Banjir Cileuncang Kembali Landa Cekungan Bandung, Kerusakan Lingkungan Jadi Sorotan
Ahad, 26 Januari 2025 | 08:23 WIB
Bandung, NU Online Jabar
Hujan deras yang turun selama lebih dari tiga jam pada Jumat (24/1/2025) kembali memicu banjir cileuncang di sejumlah wilayah Kota Bandung, Kabupaten Bandung, dan Kota Cimahi.
Kawasan seperti Pasteur, Pagarsih, Gedebage, Astanaanyar, Pasirkoja, Cimindi, Margaasih, Dayeuhkolot, Sapan, dan Kamasan tergenang air dengan ketinggian yang bervariasi.
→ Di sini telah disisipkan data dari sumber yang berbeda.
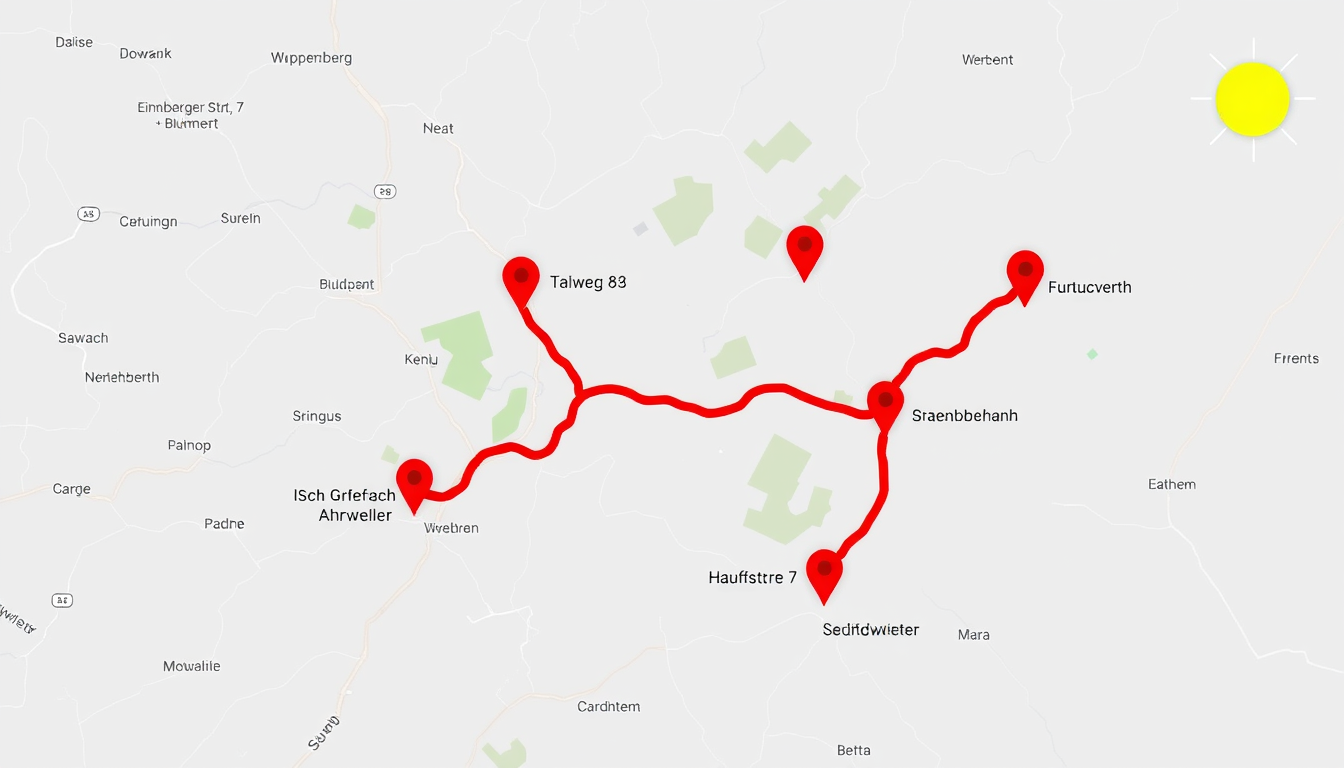 Main art studio: Erstelle eine Google-Maps-inspirierte Karte mit einer durchgehenden roten Route in dieser Reihenfolge: Start Wuppertal-Cronenberg, Sudberger Str. 66 �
Fenomena ini bukan kali pertama terjadi, bahkan tercatat telah berlangsung sejak lebih dari 15 tahun lalu.
Menurut catatan Lembaga Penanggulangan Bencana dan Perubahan Iklim Nahdlatul Ulama (LPBINU) Jawa Barat, tren banjir cileuncang di kawasan Cekungan Bandung semakin meluas dan terjadi lebih sering.
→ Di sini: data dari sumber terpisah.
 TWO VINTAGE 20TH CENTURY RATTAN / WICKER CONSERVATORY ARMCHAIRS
Selain curah hujan yang tinggi, banjir ini dipicu oleh kerusakan lingkungan, khususnya di kawasan Bandung Utara dan Bandung Selatan, yang seharusnya menjadi penyangga alami bagi kawasan tersebut.
"Masifnya alih fungsi lahan di kedua kawasan ini dianggap menjadi salah satu penyebab utama. Lahan hutan yang dulu berfungsi sebagai penyerapan air kini telah berubah menjadi area pertanian, permukiman mewah, kawasan pariwisata, hotel, dan vila," ujar Ketua LPBINU Jabar, Dadang Sudardja, Ahad (26/1/2025).
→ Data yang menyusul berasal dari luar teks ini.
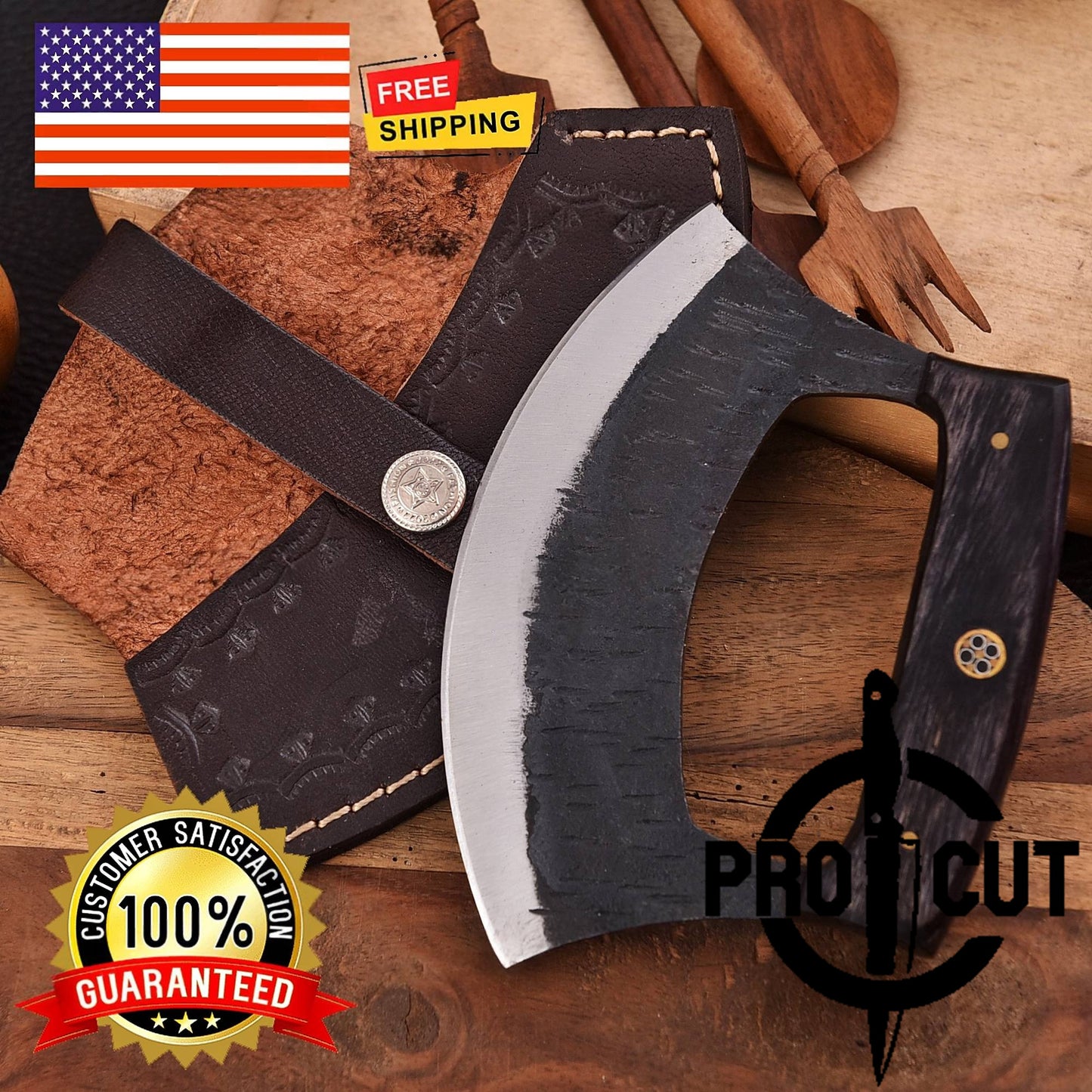 Pro Cut Shadow Wave - Hand Forged D2 Steel Ulu Knife with Black Wood Handle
Dadang menambahkan, kerusakan lingkungan ini dapat dengan mudah terlihat, namun pembangunan di kawasan Bandung Utara dan Selatan terus berlanjut.
Padahal, kata dia, Pemerintah Pusat telah menerbitkan Peraturan Presiden Republik Indonesia Nomor 45 Tahun 2018 mengenai Rencana Tata Ruang Kawasan Perkotaan Cekungan Bandung.
"Peraturan tersebut bertujuan untuk menciptakan kawasan perkotaan yang ramah lingkungan dan berkelas dunia. Namun, pada kenyataannya, kerusakan lingkungan di cekungan Bandung justru semakin parah," ungkapnya.
Banjir yang terus terjadi setiap musim hujan berdampak besar pada kerusakan infrastruktur serta terganggunya aktivitas ekonomi masyarakat. Selain itu, buruknya tata kelola lingkungan di kawasan ini semakin memperburuk kondisi. Sistem drainase yang rusak serta masalah sampah yang belum sepenuhnya terkelola hanya menambah kompleksitas permasalahan.
Pemerhati lingkungan menilai bahwa pembangunan kawasan permukiman, perumahan, dan proyek lainnya sering kali mengabaikan dampak lingkungan, sehingga bencana seperti banjir sulit dihindari.
"Oleh karena itu, para kepala daerah, khususnya wali kota dan bupati, diharapkan menjadikan rehabilitasi kawasan dan pembangunan tata kelola lingkungan yang lebih baik sebagai prioritas utama. Langkah ini diperlukan agar bencana serupa tidak terus terulang di masa depan," ujarnya.
"Banjir cileuncang di Cekungan Bandung bukan sekadar fenomena alam semata, tetapi menjadi cerminan buruknya tata ruang dan pengelolaan lingkungan di wilayah ini. Pembangunan yang tidak terkendali harus segera direvisi demi masa depan yang lebih baik," pungkasnya.